Top of Task data
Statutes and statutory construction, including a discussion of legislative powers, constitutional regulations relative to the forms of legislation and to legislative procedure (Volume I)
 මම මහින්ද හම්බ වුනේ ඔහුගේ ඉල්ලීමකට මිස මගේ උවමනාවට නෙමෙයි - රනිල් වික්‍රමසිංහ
Bottom of Task data
Top of Task data
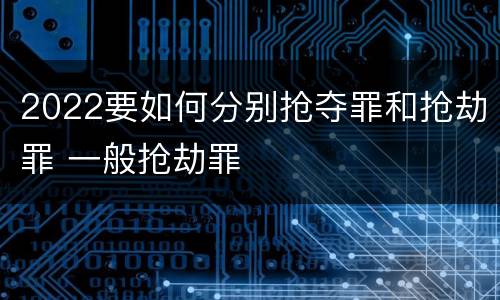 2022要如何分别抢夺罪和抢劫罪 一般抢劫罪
Bottom of Task data
Top of Task data
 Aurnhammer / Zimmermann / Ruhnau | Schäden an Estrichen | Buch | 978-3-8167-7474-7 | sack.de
Bottom of Task data
Using the data above, repeat exactly the lines that begin at the line with "Statutes and statutory" and end at the line with "මම මහින්ද හම්බ", both ends included.

● **Response area**:
Statutes and statutory construction, including a discussion of legislative powers, constitutional regulations relative to the forms of legislation and to legislative procedure (Volume I)
 මම මහින්ද හම්බ වුනේ ඔහුගේ ඉල්ලීමකට මිස මගේ උවමනාවට නෙමෙයි - රනිල් වික්‍රමසිංහ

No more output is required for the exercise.